The Swinging Friar has been a mascot with the team as early as 1958, when the Padres were still a member of the Pacofoc Coast League, a minor league baseball organization. He was named after the Spanish Franciscan friars, who founded the Mission San Diego de Alcala, around which the city of San Diego began to emerge in the 18th century. The Padres joined Major League Baseball in 1969 and kept the popular mascot. He was even on the team emblem until 1984. Wanting a more "professional" image, the owners introduced a more corporate logo. In 1996, he was brought back as a sleeve patch for the club's blue alternate jerseys, and though the team has changed its logo and colors since then, the Friar remains there to this day.

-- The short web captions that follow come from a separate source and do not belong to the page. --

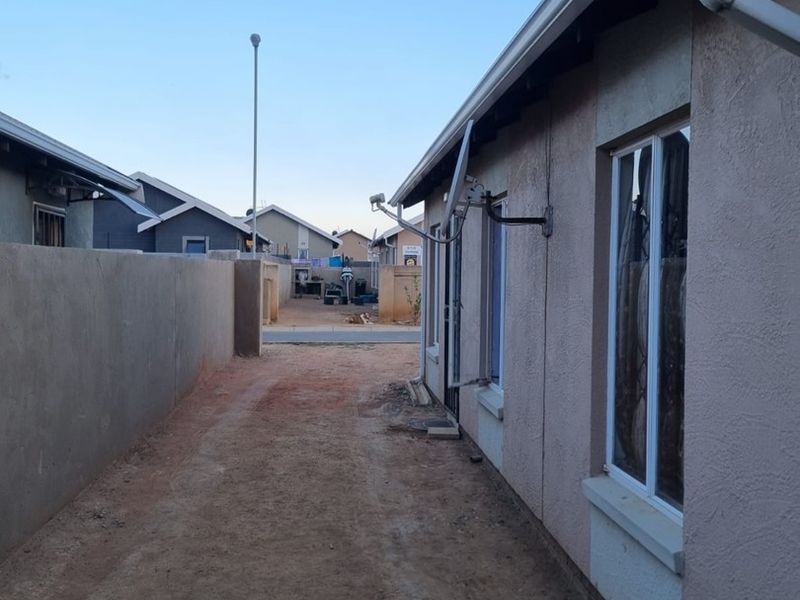 A side exterior view of the property showing a narrow unpaved pathway, boundary wall, and installed exterior utility fixtures.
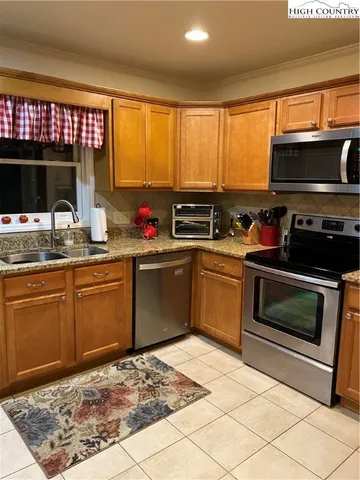 a kitchen with a stove sink and microwave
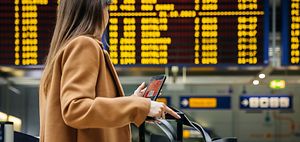 Urlaub_Flughafen_Frau_vor_Anzeigetafel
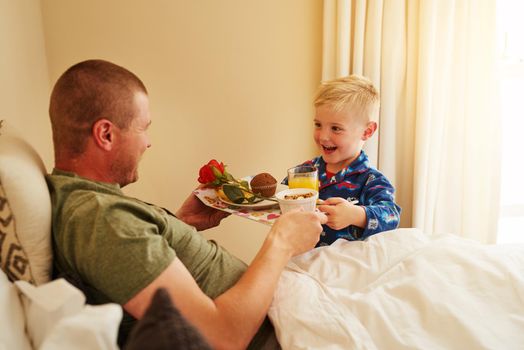 Serving breakfast to the best Dad ever. Cropped shot of a little boy serving breakfast in bed to his father at home.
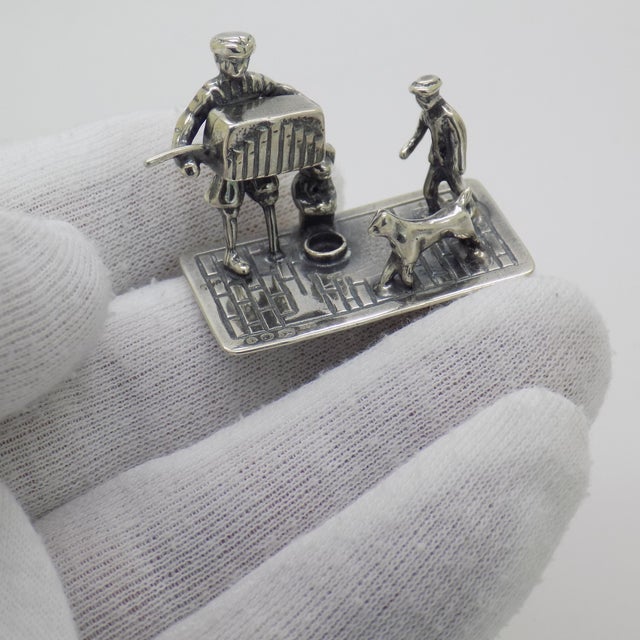 A captivating vintage miniature depicting a street artist scene, handmade and likely dating from the 1940s to 1950s. This...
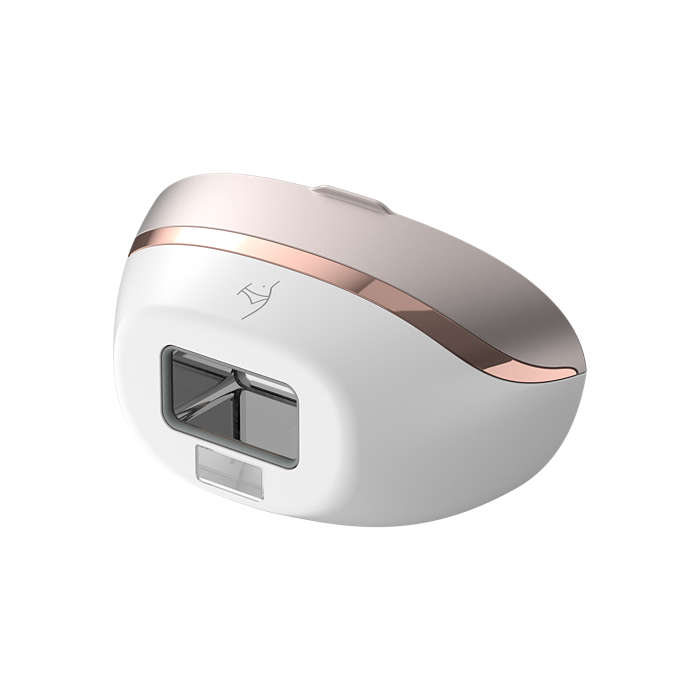 White and rose gold IPL hair removal device with a rectangular treatment window.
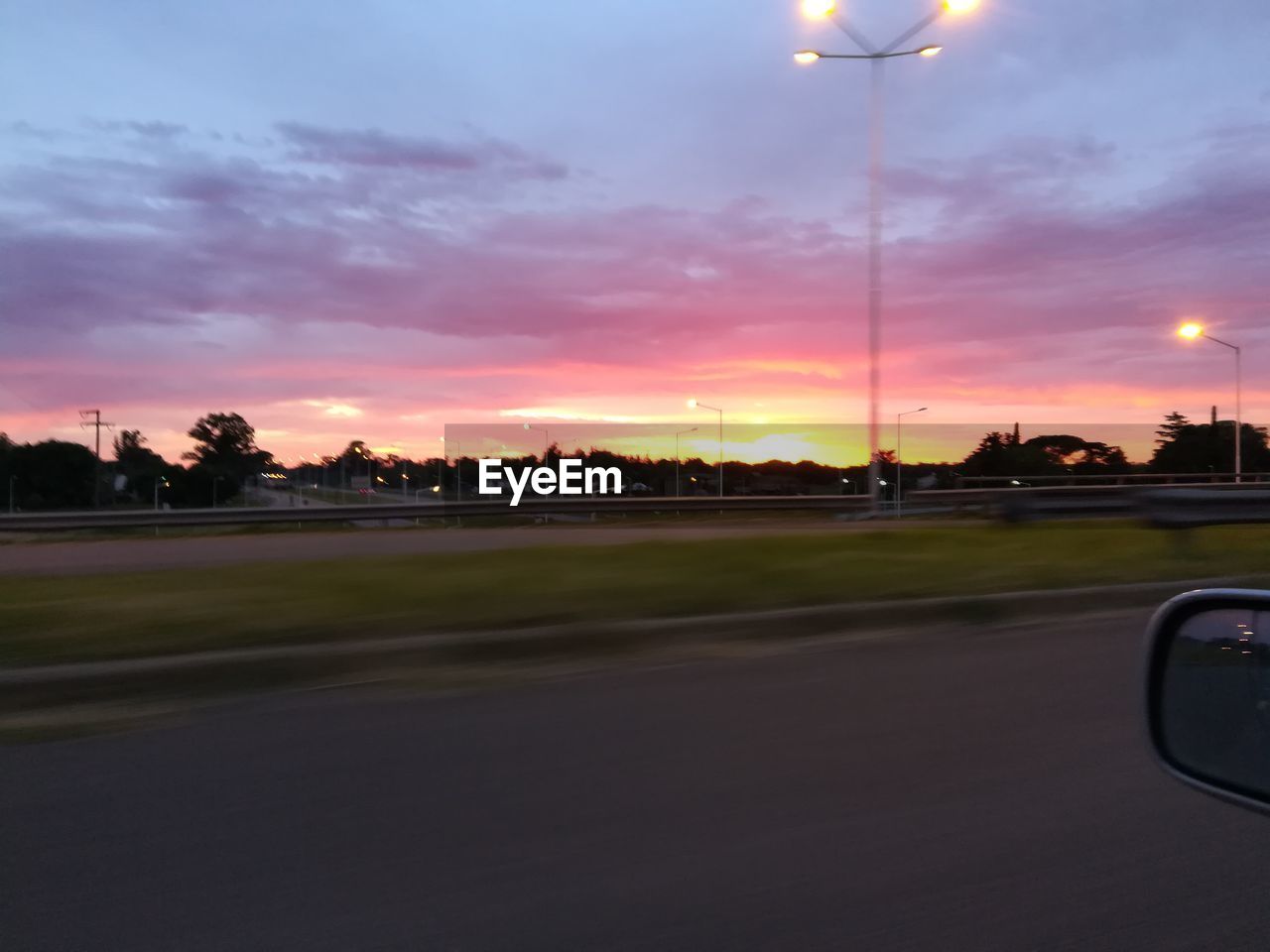 STREET AGAINST SKY AT SUNSET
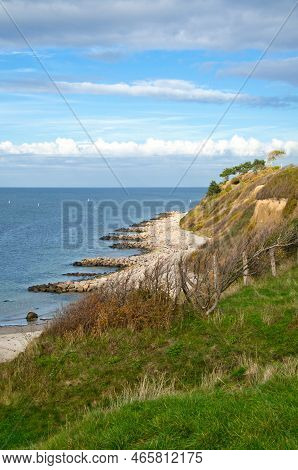 Hundested, Denmark On The Cliff Overlooking The Sea. Baltic Sea Coast, Grassy Meadow, Beach. Clouds 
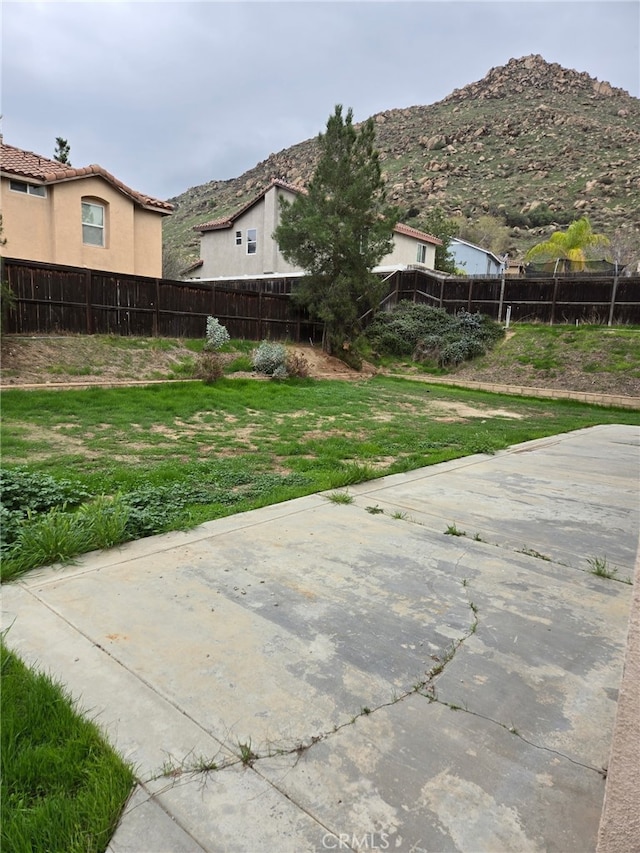 view of yard with a fenced backyard and a mountain view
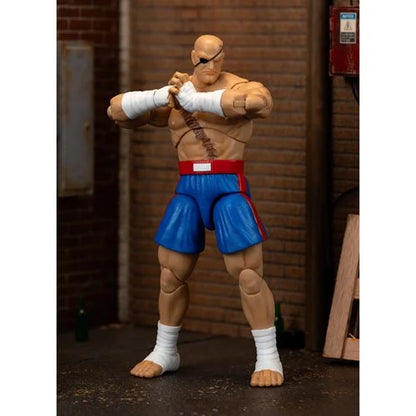 Sagat action figure posed ready for battle with arms crossed.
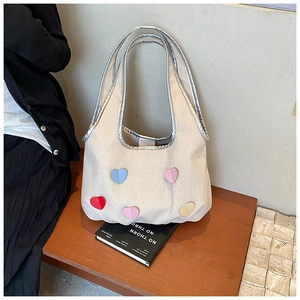 Detail der Canvas-Handtasche mit bunten Herz-Aufnähern und silberner Metallic-Kante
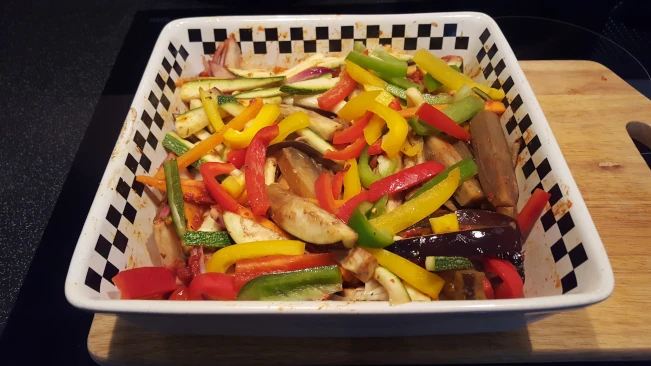 sliced peppers added to dish for Mediterranean style vegetables with pork steaks veg part cooked in oven dish 01
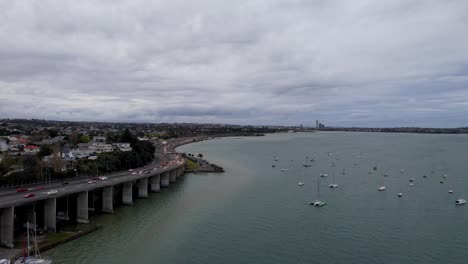 aerial shot of northcote point with state highway and traffic along the oneoneroa shoal bay in auckland, new zealand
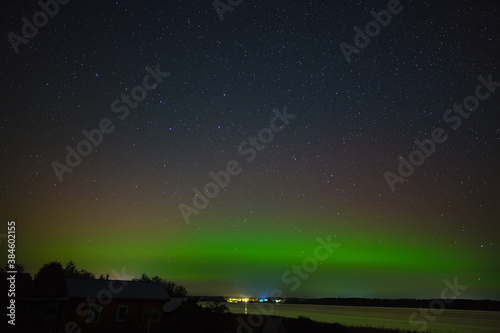 Aurora borealis over the city on the coast. Polar lights in the night starry sky over the lake.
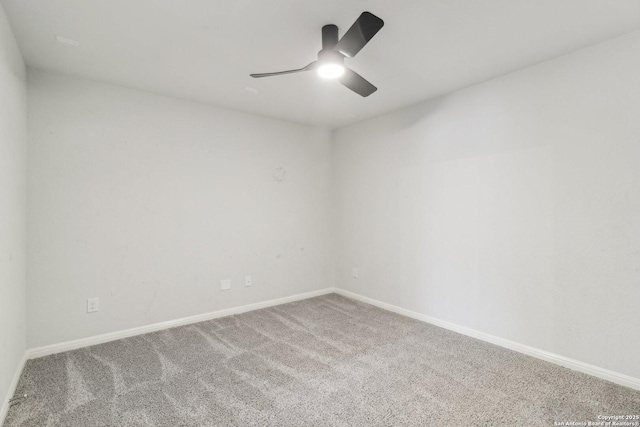 spare room featuring carpet flooring and ceiling fan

The Swinging Friar is a cartoon-like character, pudgy, balding, and always smiling. He is dressed as a friar with a tonsure, sandals, a dark hooded cloak, and a rope around the waist. He swings a baseball bat; but reportedly, in some years he swings left-handed, in other years he swings right-handed, he may be ambidextrous, or even a switch hitter. On home game Sundays, the Friar wears a special camouflage cloak as the team honors the military background of San Diego with similar uniforms.
Originally, The Swinging Friar was represented at the ballpark as a real man wearing a friar outfit. Since his return, the character has been a full mascot costume.
Some in the past have confused The San Diego Chicken as the mascot of the Padres. Although he does make appearances occasionally at San Diego sporting events, he has never been the official mascot of any San Diego sports team.